I'm not sure what other options we have—isolationism, I feel, is morally deficient, as anyone who knows anything about the Bosnian conflict would acknowledge. Neoconservatism is disastrous. What other viable options are there?

2 Comments:

At 11:46 AM, Blogger Beloved Fritz said...

The rats are leaving the sinking barge, but there is no joy in it for me. We are going to be out $1.5Tr, and haven't a friend in the world. Are we supposed to thank them for saying "mistakes were made"?

 
At 10:14 AM, Anonymous Anonymous said...

there are two things about fukuyama that i am confused about that maybe someone can enlighten me on. i always thought that his own understanding of neoconservatism was hijacked by the 'peacocking neocons' (perle, kristol). is this true?
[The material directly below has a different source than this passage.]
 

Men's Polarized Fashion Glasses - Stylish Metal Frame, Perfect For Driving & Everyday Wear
secondly - only in reading SOME of his work - one interesting thing he touched on (before the iraq war i think - my memory fails me) - was LEGITIMACY in the eyes of the ordinary Arab on the street. i.e. the path to bagdad was through jerusalem (and all these type of theories). did he belive this...?

If so - i feel that if there was enough effort made in 'LEGITIMACY' of the democratic effort - i.e. demonstrating to the average Arab that removing Saddam is for the greater cause - and the political will to solve the Likud and Palestinian issue was taken with a view to pleasing the Arabs - then the greater good would've surely benefited Israel aswell in time.
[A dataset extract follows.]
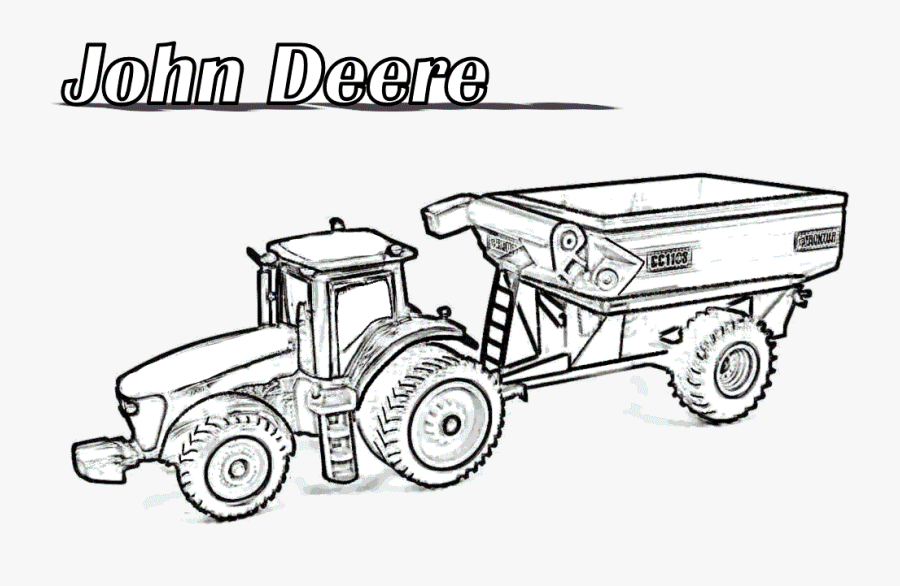 John Deere Gator Tractor Drawing At Free For Personal - Tractor With Trailer Coloring Pages, Transparent Clipart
The bottom line for me is very simple now. Now that the geo-political power struggle between China, Russia is gaining momentum) - can the US afford to have one quarter of the worlds consumers hearts and minds (muslims) against them. esp if they have the cheapest energy resources.

i do believe the US needs definately needs to re-think its foreign policy. We (the US) need to think realistically.